Au XVIIIe siècle, elle entre dans l'histoire de pierre. En 1739, Bouchardon sculpte pour le n° 57-59 la célèbre fontaine des Quatre-Saisons, chef-d'œuvre un peu sévère que Voltaire railla mais que les Parisiens finirent par aimer. Plus loin, des postes d'octroi marquent, dans les années 1760, la limite fiscale de la ville — la rue traverse littéralement la frontière entre Paris et sa banlieue. À l'autre bout de la décennie, Mme du Barry se console au n° 116 de la mort de Louis XV avec le duc de Brissac : la rue de Grenelle a aussi ses alcôves.
La Révolution et l'Empire en font une artère du pouvoir. Germaine de Staël tient salon au n° 105 dès 1789, puis s'installe au n° 102 ; le ministère des Affaires étrangères s'y loge de 1796 à 1821, sous les yeux de Talleyrand qui y officia. Delacroix arrive enfant au n° 50, loue plus tard un atelier au n° 118 pour peindre les Massacres de Scio, tandis qu'Alfred de Musset grandit au n° 59, y écrit La Nuit de mai et Les Contes d'Espagne et d'Italie. En 1832, c'est au n° 101 que Casimir Perier, ministre de l'Intérieur, succombe au choléra ; en 1848, Guizot s'enfuit en catimini par la porte de derrière du même immeuble, devenu entre-temps le ministère de l'Intérieur, au moment où la révolution gronde dehors.

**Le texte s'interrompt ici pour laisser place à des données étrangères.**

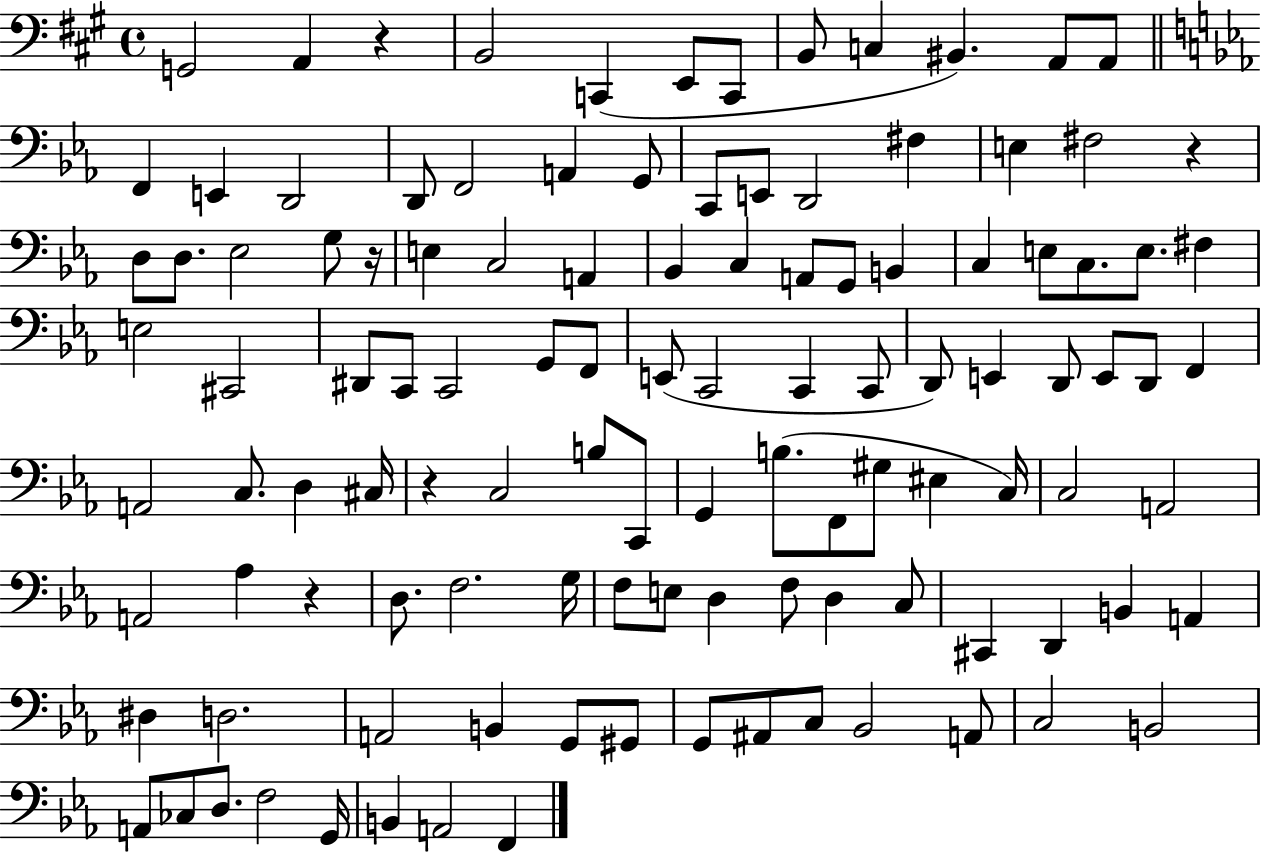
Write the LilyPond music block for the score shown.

{
  \clef bass
  \time 4/4
  \defaultTimeSignature
  \key a \major
  g,2 a,4 r4 | b,2 c,4( e,8 c,8 | b,8 c4 bis,4.) a,8 a,8 | \bar "||" \break \key ees \major f,4 e,4 d,2 | d,8 f,2 a,4 g,8 | c,8 e,8 d,2 fis4 | e4 fis2 r4 | \break d8 d8. ees2 g8 r16 | e4 c2 a,4 | bes,4 c4 a,8 g,8 b,4 | c4 e8 c8. e8. fis4 | \break e2 cis,2 | dis,8 c,8 c,2 g,8 f,8 | e,8( c,2 c,4 c,8 | d,8) e,4 d,8 e,8 d,8 f,4 | \break a,2 c8. d4 cis16 | r4 c2 b8 c,8 | g,4 b8.( f,8 gis8 eis4 c16) | c2 a,2 | \break a,2 aes4 r4 | d8. f2. g16 | f8 e8 d4 f8 d4 c8 | cis,4 d,4 b,4 a,4 | \break dis4 d2. | a,2 b,4 g,8 gis,8 | g,8 ais,8 c8 bes,2 a,8 | c2 b,2 | \break a,8 ces8 d8. f2 g,16 | b,4 a,2 f,4 | \bar "|."
}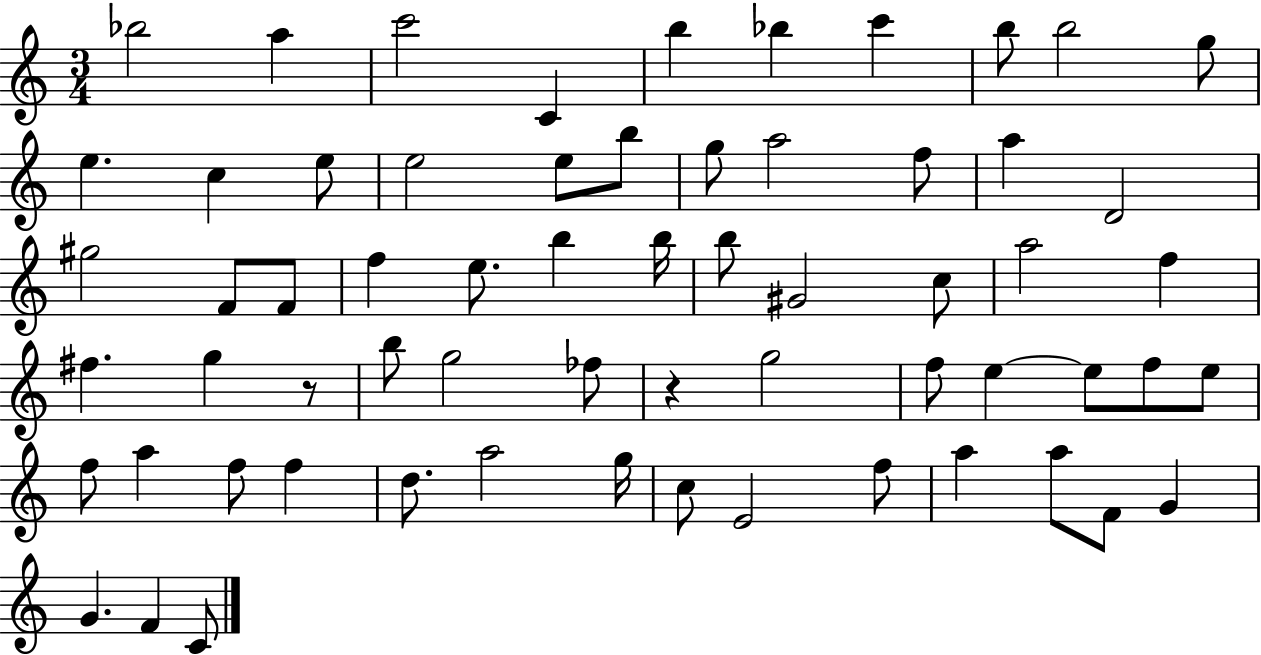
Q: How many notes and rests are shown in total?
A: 63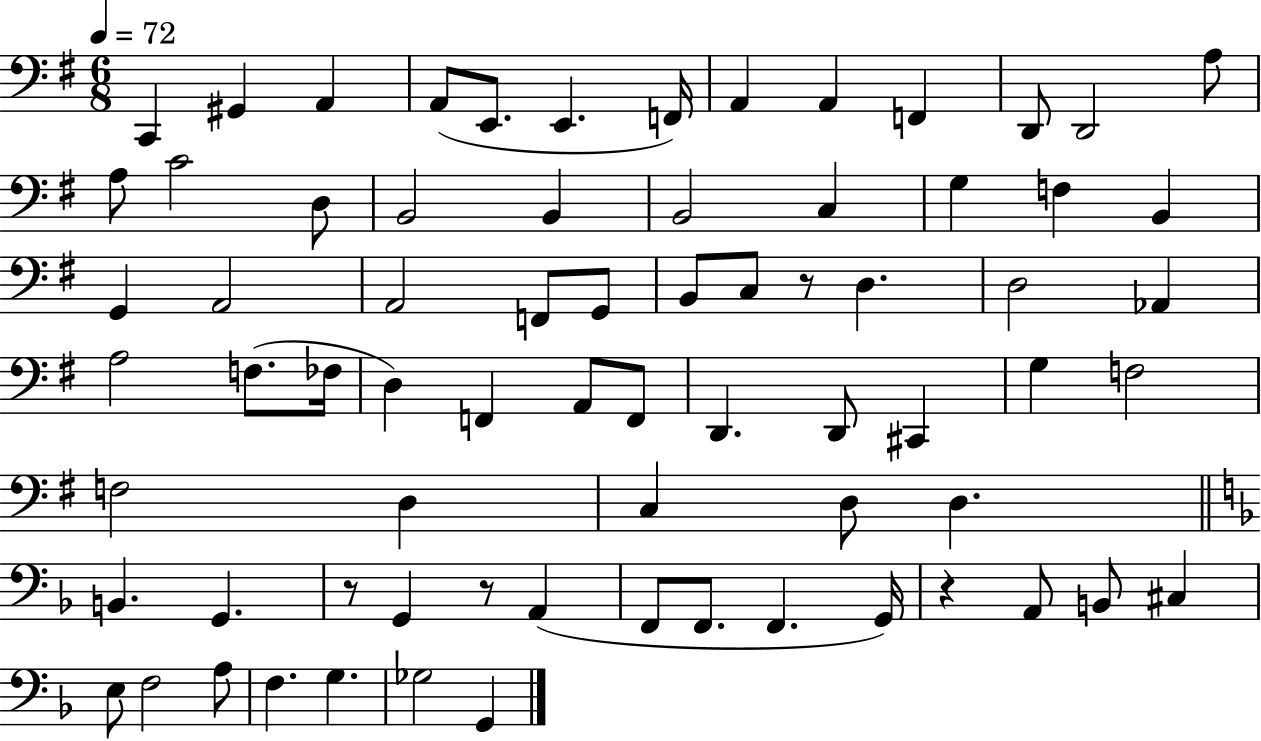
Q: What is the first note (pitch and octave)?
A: C2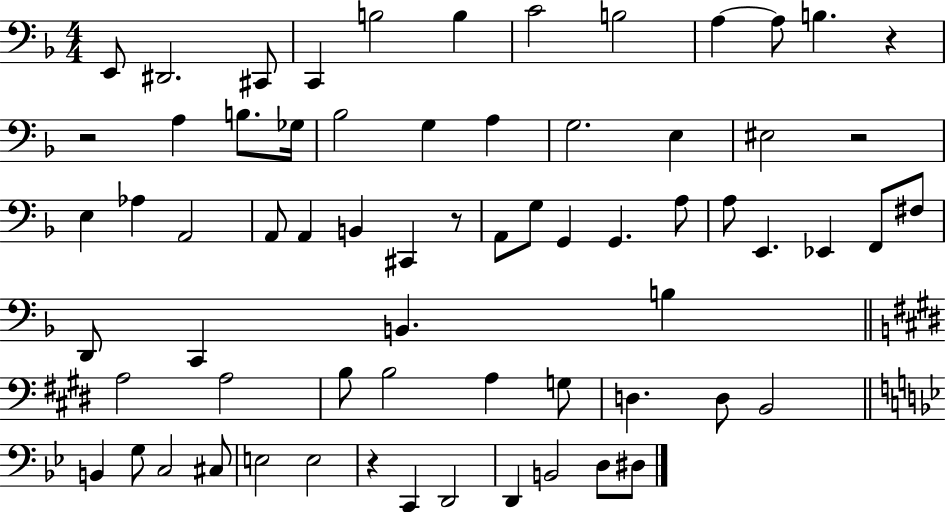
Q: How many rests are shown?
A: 5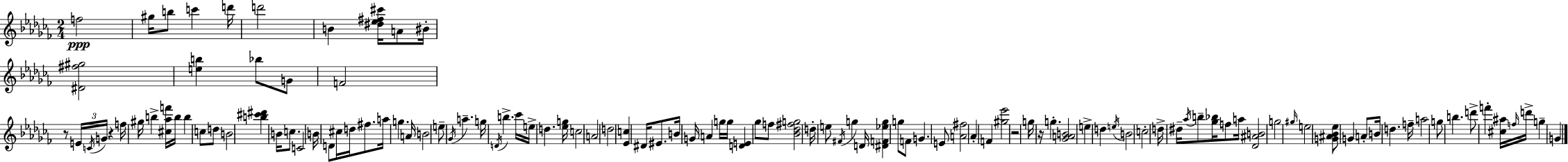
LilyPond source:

{
  \clef treble
  \numericTimeSignature
  \time 2/4
  \key aes \minor
  f''2\ppp | gis''16 b''8 c'''4 d'''16 | d'''2 | b'4 <dis'' ees'' fis'' cis'''>16 a'8 bis'16-. | \break <dis' fis'' gis''>2 | <e'' b''>4 bes''8 g'8 | f'2 | r8 \tuplet 3/2 { e'16 \acciaccatura { c'16 } g'16 } r4 | \break f''16 gis''16 b''4-> <cis'' aes'' f'''>16 | b''16 b''4 c''8 d''8 | b'2 | <b'' cis''' dis'''>4 b'16 c''8. | \break c'2 | b'16 d'8 cis''16 d''16 fis''8. | a''16 g''4. | a'16 b'2 | \break e''8-- \acciaccatura { ges'16 } a''4.-- | g''16 \acciaccatura { d'16 } b''4.-> | ces'''16 e''16-> d''4. | <ees'' g''>16 c''2 | \break a'2 | d''2 | <ees' c''>4 dis'16 | eis'8. b'16 g'16 a'4 | \break g''16 g''16 <d' e'>4 ges''8 | f''8 <bes' des'' fis'' g''>2 | d''16-. e''8 \acciaccatura { fis'16 } g''4 | d'16 <dis' f' ees'' g''>4 | \break g''8 f'8 g'4. | e'8 <a' fis''>2 | aes'4-. | f'4 <gis'' ees'''>2 | \break r2 | g''16 r16 g''4.-. | <ges' a' b'>2 | e''4-> | \break d''4 \acciaccatura { e''16 } b'2 | c''2-. | d''16-> dis''16-- \acciaccatura { aes''16 } | b''8-- <ges'' bes''>16 f''8 a''16 <des' ais' b'>2 | \break g''2 | \grace { gis''16 } e''2 | <g' ais' bes' ees''>8 | g'4 a'8-. b'16 | \break d''4. f''16-- a''2 | g''8 | b''4. d'''8-> | f'''4-. <cis'' ais''>16 \grace { f''16 } d'''16-> | \break g''4-- g'4 | \bar "|."
}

La Commune de 1871 frappe la rue de plein fouet. Au n° 127, les fédérés font arrêter l'archevêque Darboy ; au n° 138, ils font sauter l'École d'État-major devant l'avancée versaillaise ; au n° 99-101, une cour martiale juge à la chaîne — des milliers de procès, des centaines de déportations. La station du télégraphe Chappe installée depuis la Révolution au n° 103 est elle aussi investie par la Garde nationale fédérée, symbole d'une rue qui, du chemin aux Vaches au canon, n'a jamais cessé d'être au cœur de l'histoire.